東京藝術大学入試情報サイト > 冨山 紗瑛
藝大生というと、絵画や彫刻を制作したり、楽器を演奏したり歌ったりする学生がほとんどですが、わたしの専攻はアートマネジメントです。たとえば学芸員や音楽ホールなどの文化施設に勤める人がわかりやすいですが、そういう、いわば「つくり手・表現する人」を支える人、になるための勉強をしています。
もともと音楽と美術の鑑賞が好きで、仕事もこれに携わるものに就きたいと考えていましたが、自分が絵を描いたり演奏したりする未来をあまり想像できませんでした。そんな時、アートマネジメントという言葉を知って、もしかしたらその世界でなら力になれるかもしれないと思い、音楽環境創造科を志望しました。また、どうしても「表現する人」とともに学びたいという気持ちを、藝大なら叶えられる気がしました。音環は、学科内で3つの専門領域:創作(作曲)/音響(録音、音響心理学)/アートプロデュース(身体表現、文化研究、アートマネジメント)に分かれるので、同期の20人にはさまざまなものの見方を教わったりできる刺激的な環境です。「つくり手」と「その受け取り手」のはざまにいたい、その曖昧な境界線を求めて千住キャンパスに人が集まるような感じがあります。とくに、授業の中心となるプロジェクト(ゼミ)ではとても充実した3年間を過ごしました。学生スタッフとしてアートプロジェクトの現場に入り、現在第一線で活躍するアーティストと活動したことは、貴重な経験になったと思います。卒業論文では、担当した「千住タウンレーベル」を事例に、LPレコードという媒体や記録する行為などについて触れる予定です。また、他学科や美術学部の授業も受講できるのは大きな魅力だと思います。

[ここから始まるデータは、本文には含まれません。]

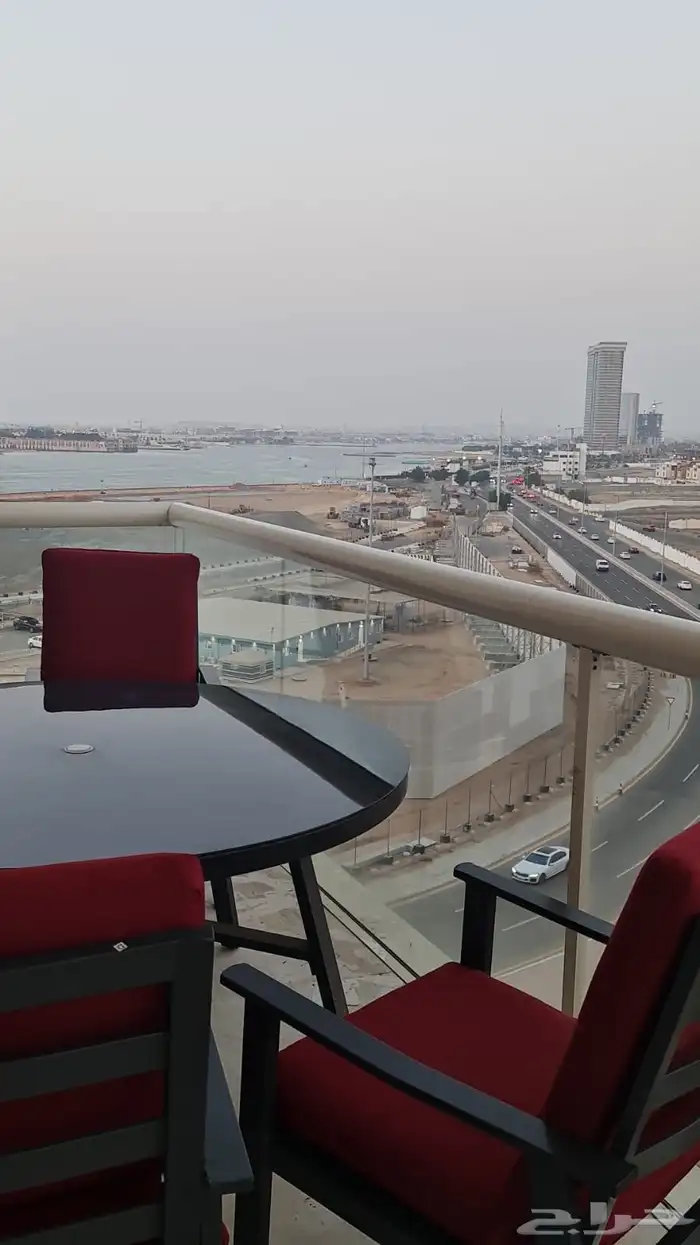 شقة للايجار في برج ريزدنس ابحر الجنوبية 9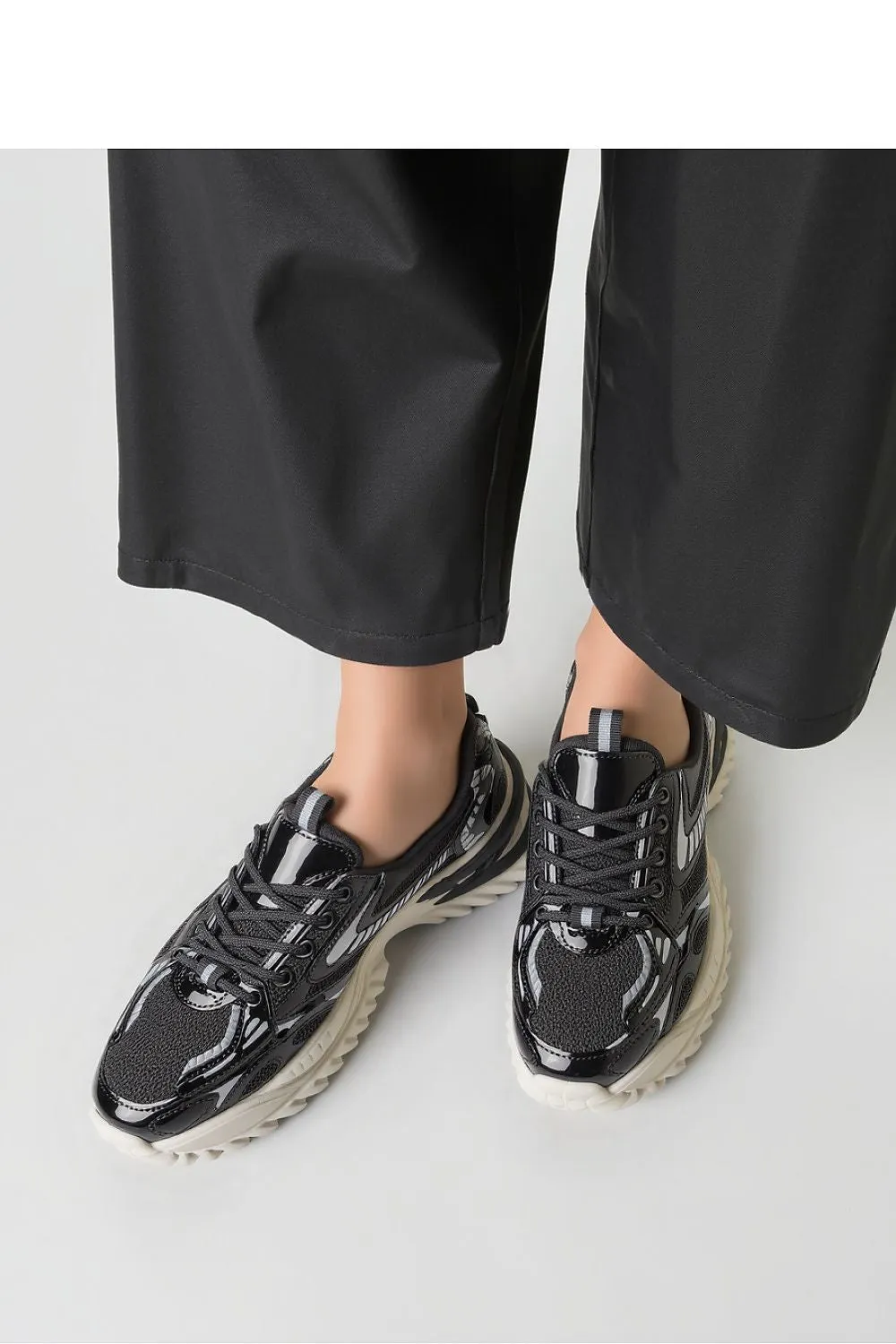 Sport Shoes Inello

最近は各地で芸術祭などが開かれ、アートに大きな関心が寄せられるようになり、世間との距離も縮まってきました。今後アートマネージャーには、芸術の専門家からまちのおっちゃんに至るまで、どのような人にでも「表現する人」が何をやろうとしているのか・何のためにやるのか、などをそれぞれの言葉を使い、丁寧に価値付けをしながら説明する能力がさらに求められます。わたしもいつか「つくり手」の友人を支えられるよう、模索の日々が続きます。